| Aim of the task |
Please set down, word for word, the line that contains "Breguet Classique 5157" and every line after it to the end of the entries below, omitting the pictures.

| Task input |

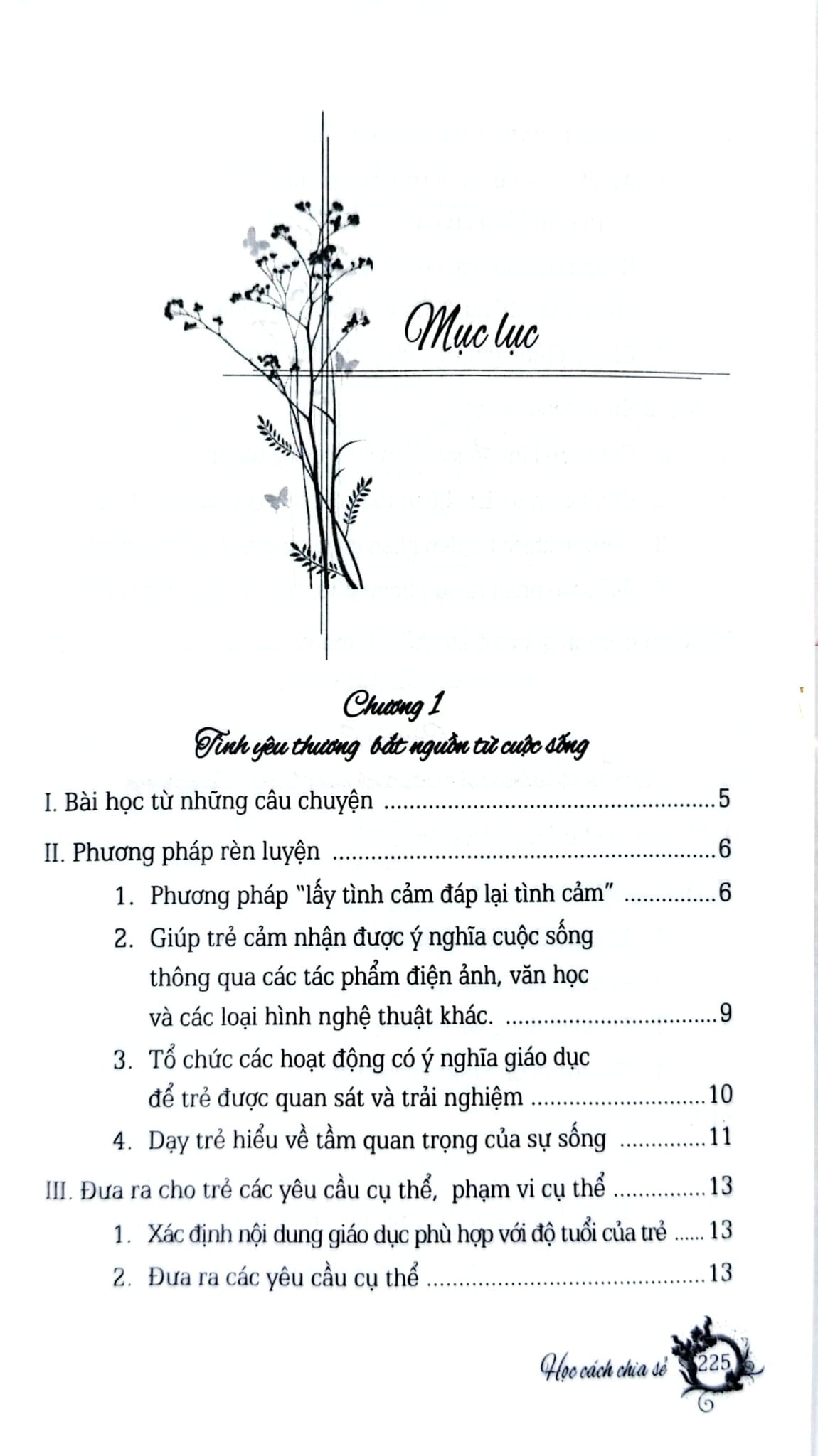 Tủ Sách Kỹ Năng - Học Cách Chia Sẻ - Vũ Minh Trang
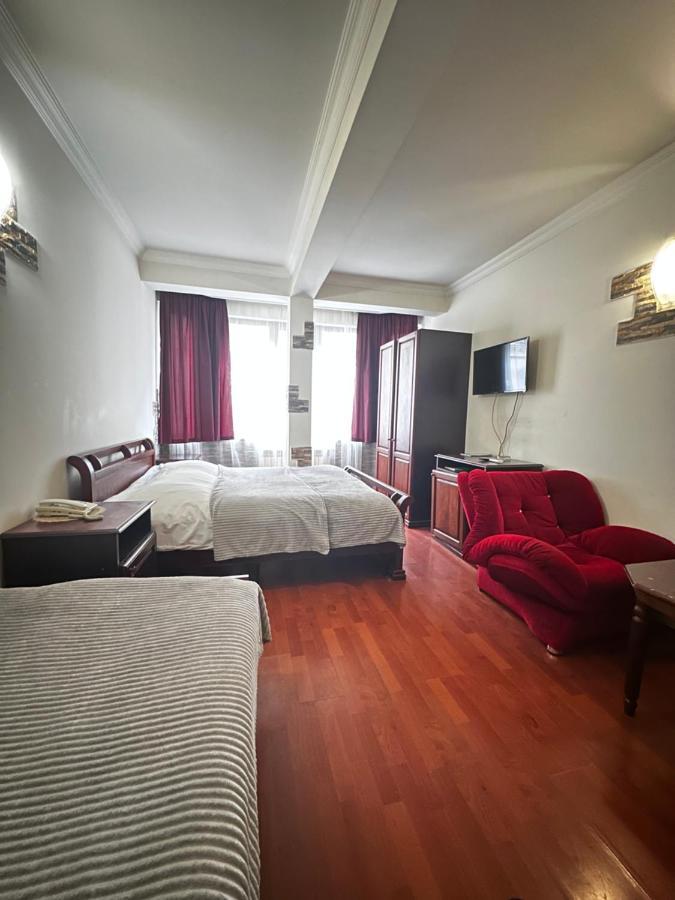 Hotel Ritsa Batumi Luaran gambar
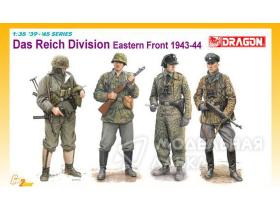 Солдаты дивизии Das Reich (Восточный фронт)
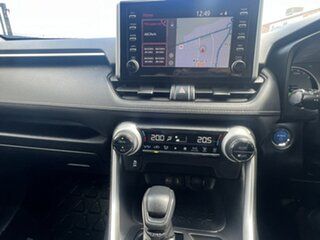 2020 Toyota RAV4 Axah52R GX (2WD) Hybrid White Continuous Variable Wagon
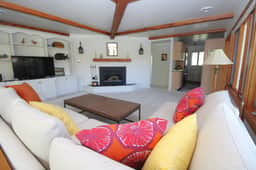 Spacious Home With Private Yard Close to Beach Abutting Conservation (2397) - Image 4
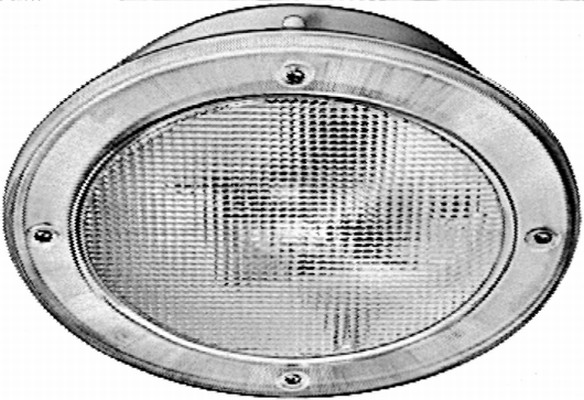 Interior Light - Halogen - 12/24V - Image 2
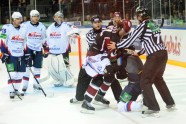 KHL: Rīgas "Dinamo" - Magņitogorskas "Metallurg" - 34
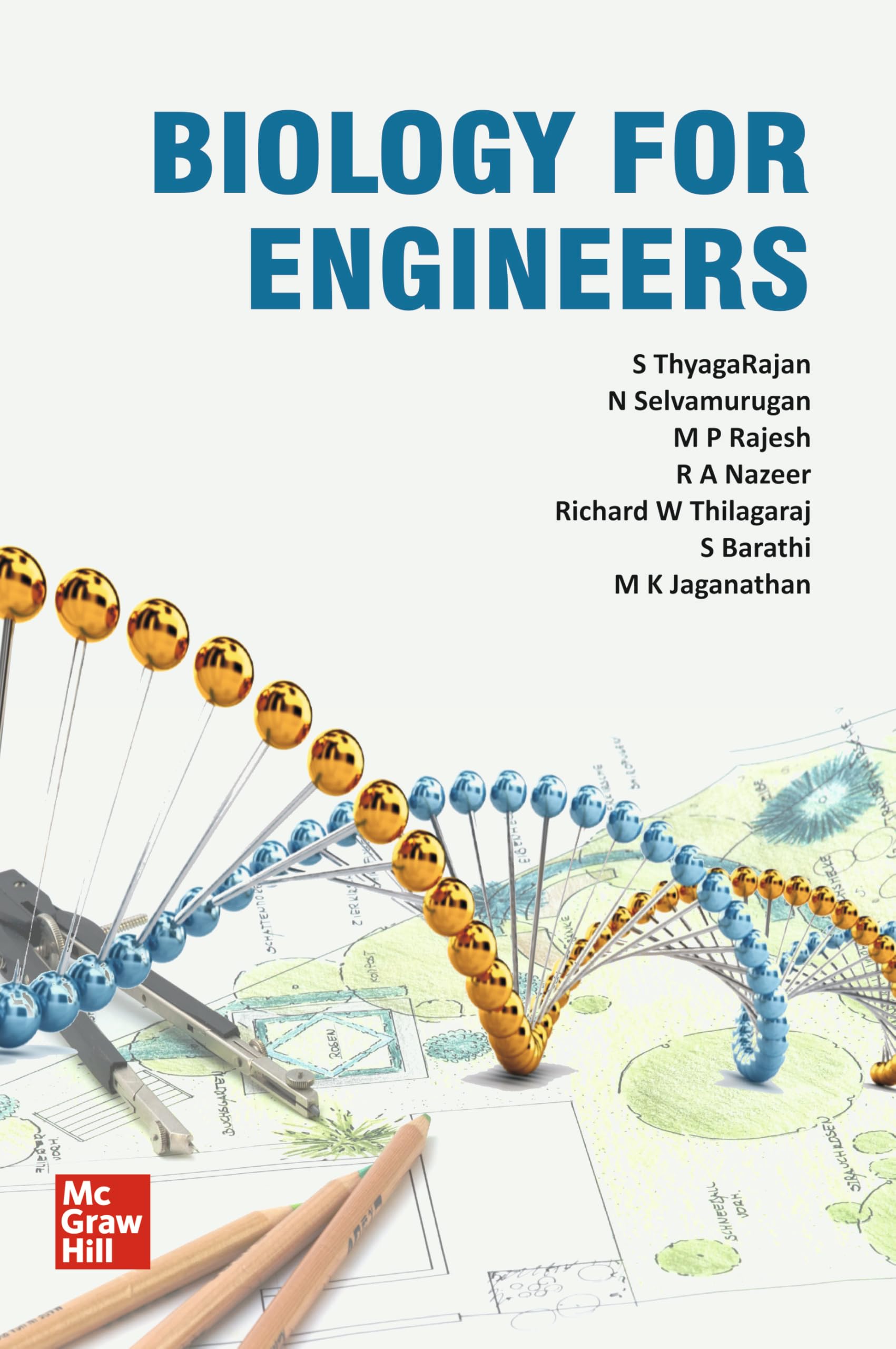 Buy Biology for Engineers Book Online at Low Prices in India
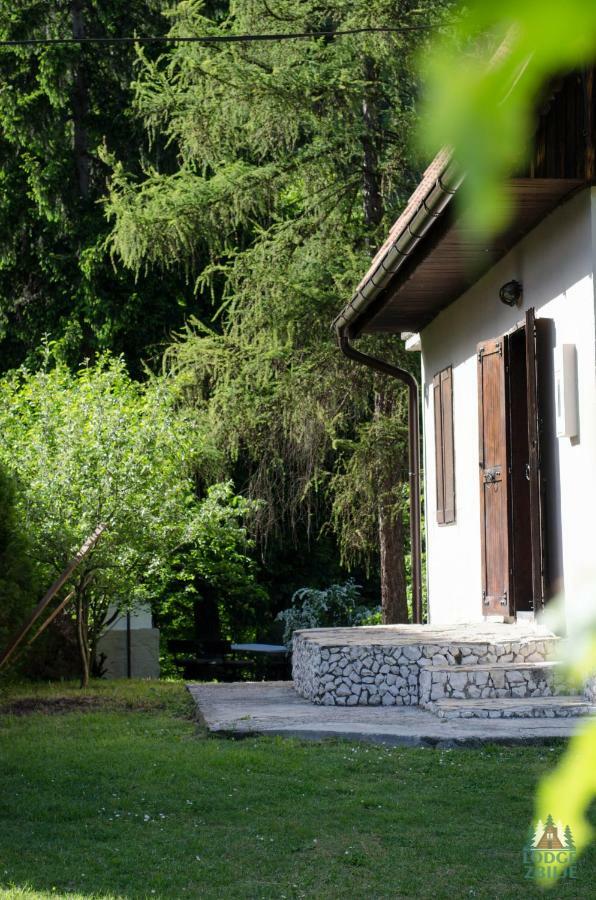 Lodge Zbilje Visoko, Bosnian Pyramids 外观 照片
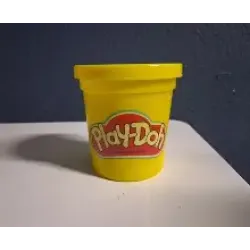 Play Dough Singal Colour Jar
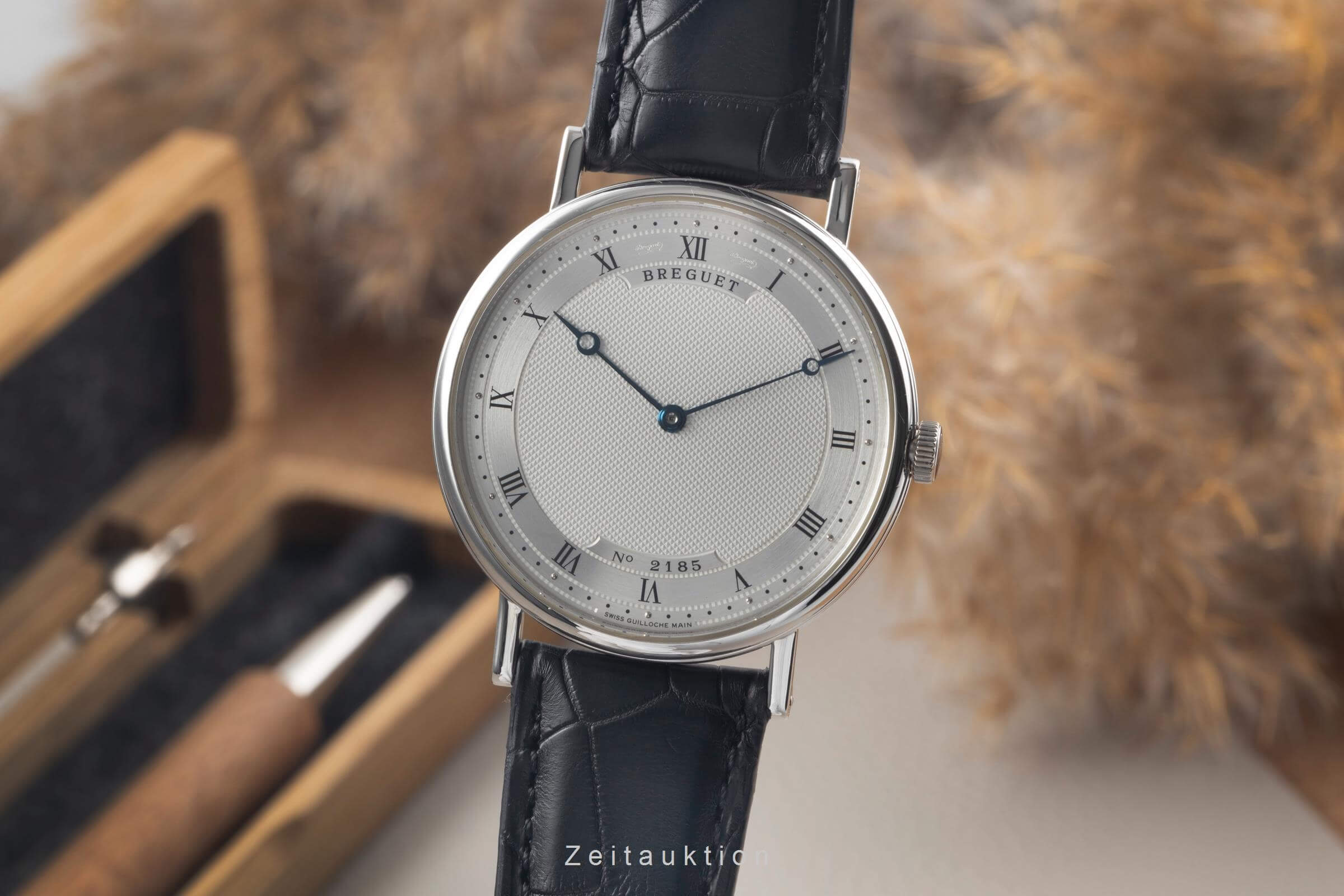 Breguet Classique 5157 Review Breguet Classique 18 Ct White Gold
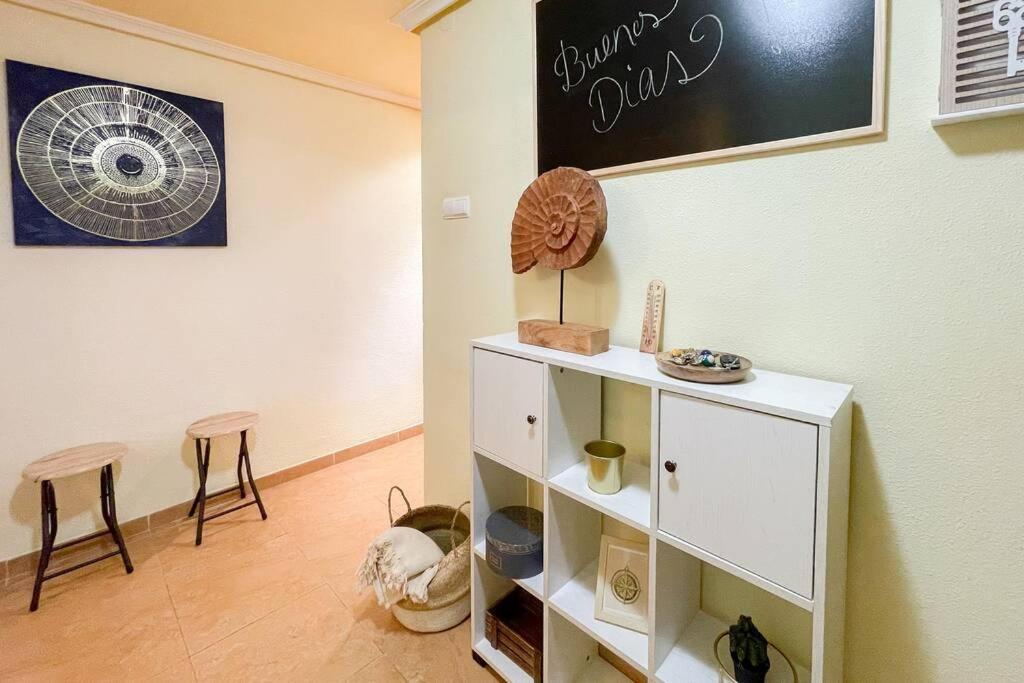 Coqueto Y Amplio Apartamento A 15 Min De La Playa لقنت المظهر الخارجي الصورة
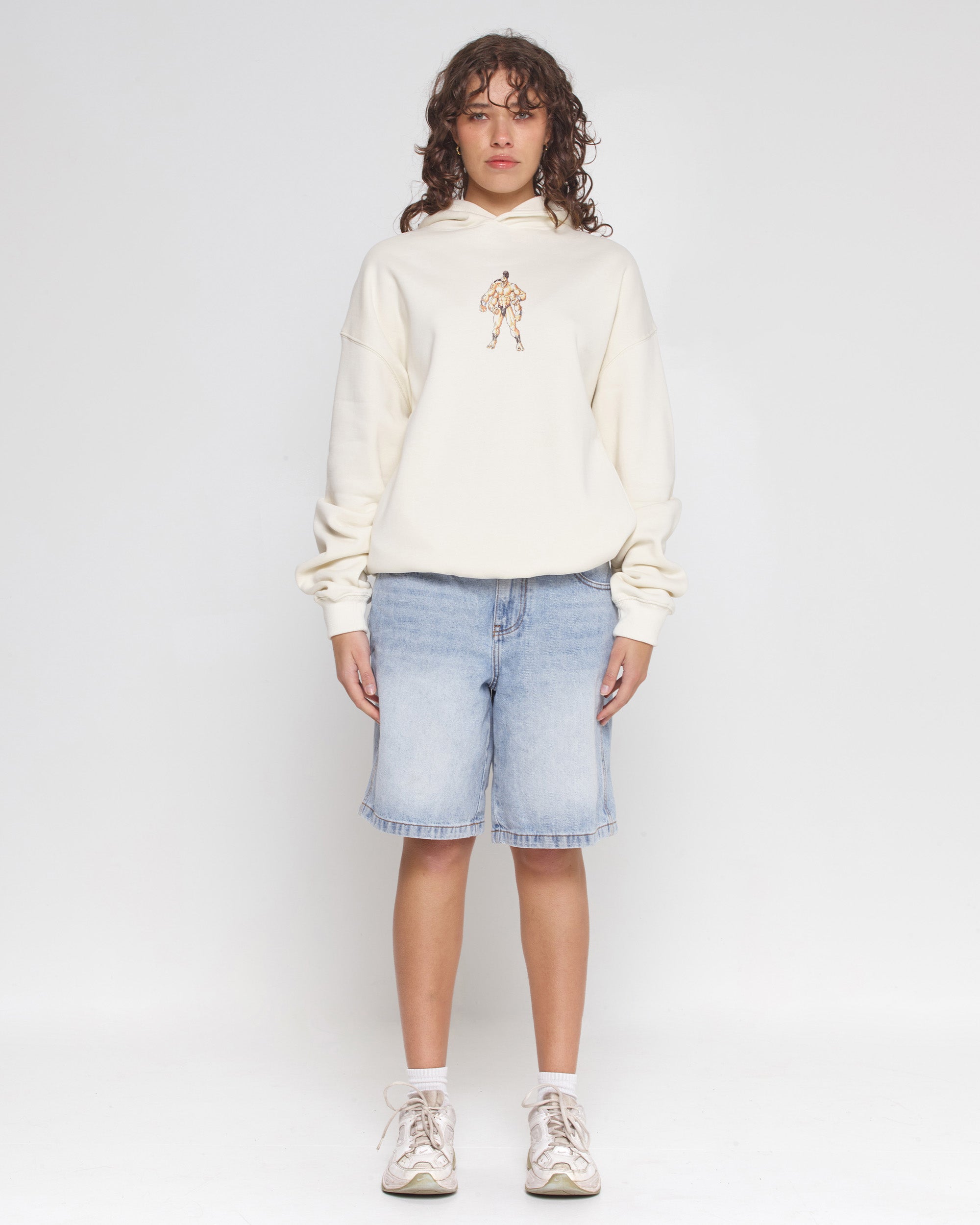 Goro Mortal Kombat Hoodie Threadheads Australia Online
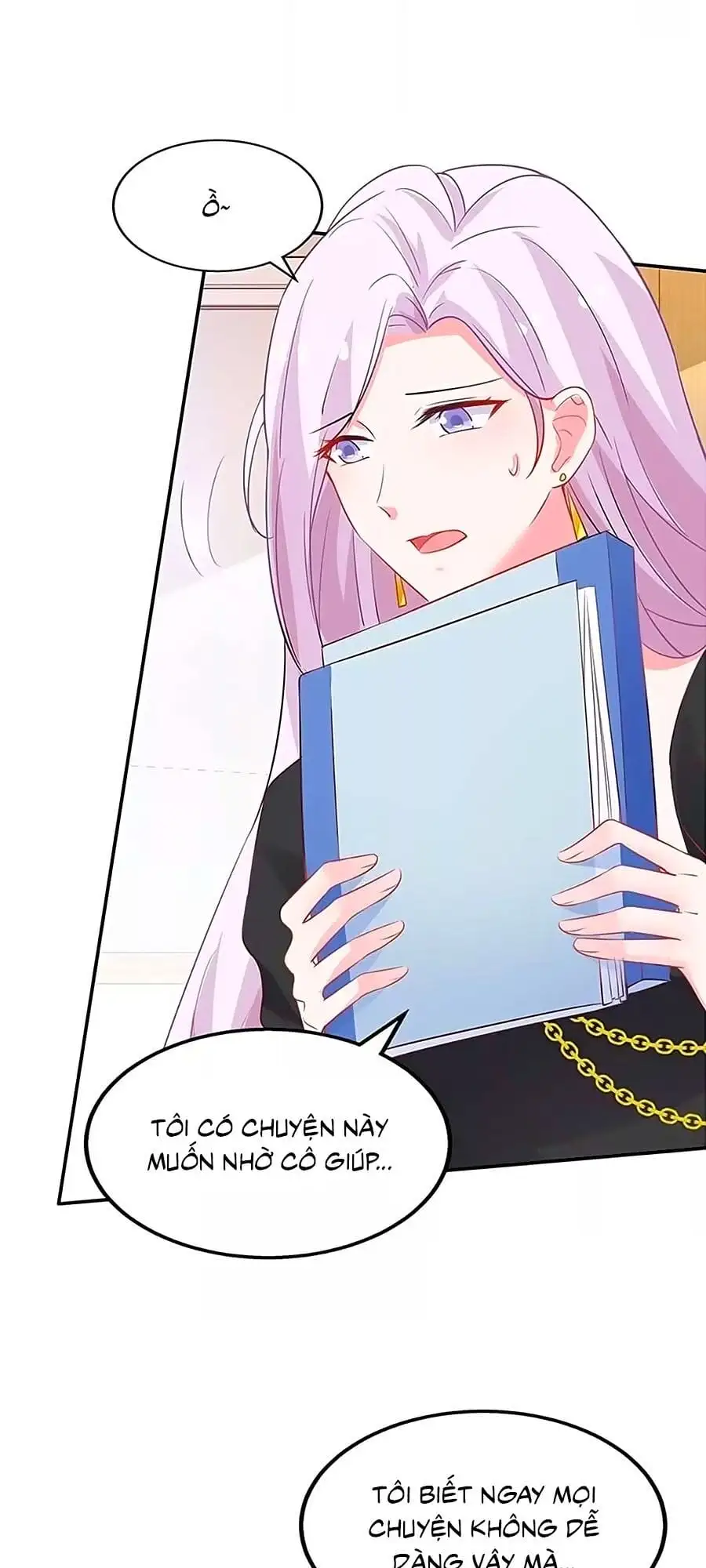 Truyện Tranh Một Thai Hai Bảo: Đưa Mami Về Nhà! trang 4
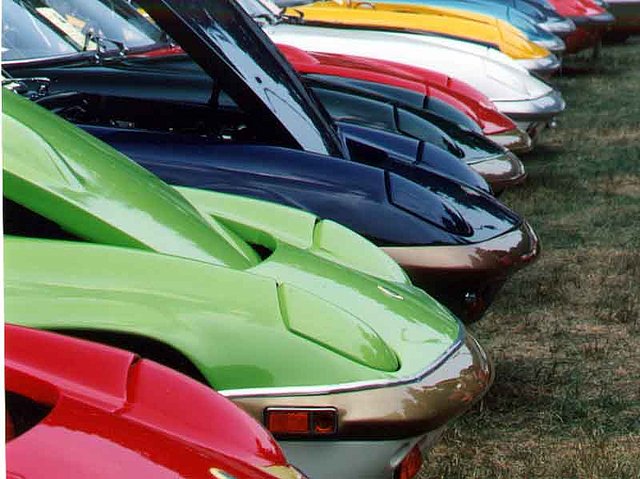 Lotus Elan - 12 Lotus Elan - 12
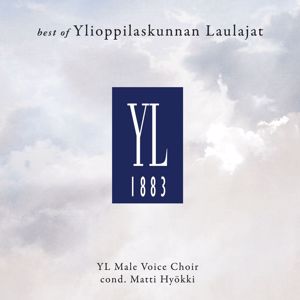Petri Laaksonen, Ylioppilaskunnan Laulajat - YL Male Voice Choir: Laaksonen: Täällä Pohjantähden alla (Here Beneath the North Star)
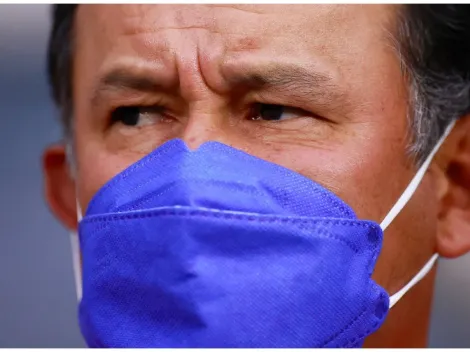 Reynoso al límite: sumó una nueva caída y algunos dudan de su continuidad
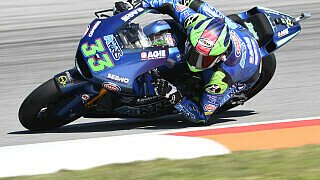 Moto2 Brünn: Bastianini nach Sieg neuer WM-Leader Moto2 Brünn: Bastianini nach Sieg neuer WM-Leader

| Solution for this problem |
 Breguet Classique 5157 Review Breguet Classique 18 Ct White Gold
 Coqueto Y Amplio Apartamento A 15 Min De La Playa لقنت المظهر الخارجي الصورة
 Goro Mortal Kombat Hoodie Threadheads Australia Online
 Truyện Tranh Một Thai Hai Bảo: Đưa Mami Về Nhà! trang 4
 Lotus Elan - 12 Lotus Elan - 12
Petri Laaksonen, Ylioppilaskunnan Laulajat - YL Male Voice Choir: Laaksonen: Täällä Pohjantähden alla (Here Beneath the North Star)
 Reynoso al límite: sumó una nueva caída y algunos dudan de su continuidad
 Moto2 Brünn: Bastianini nach Sieg neuer WM-Leader Moto2 Brünn: Bastianini nach Sieg neuer WM-Leader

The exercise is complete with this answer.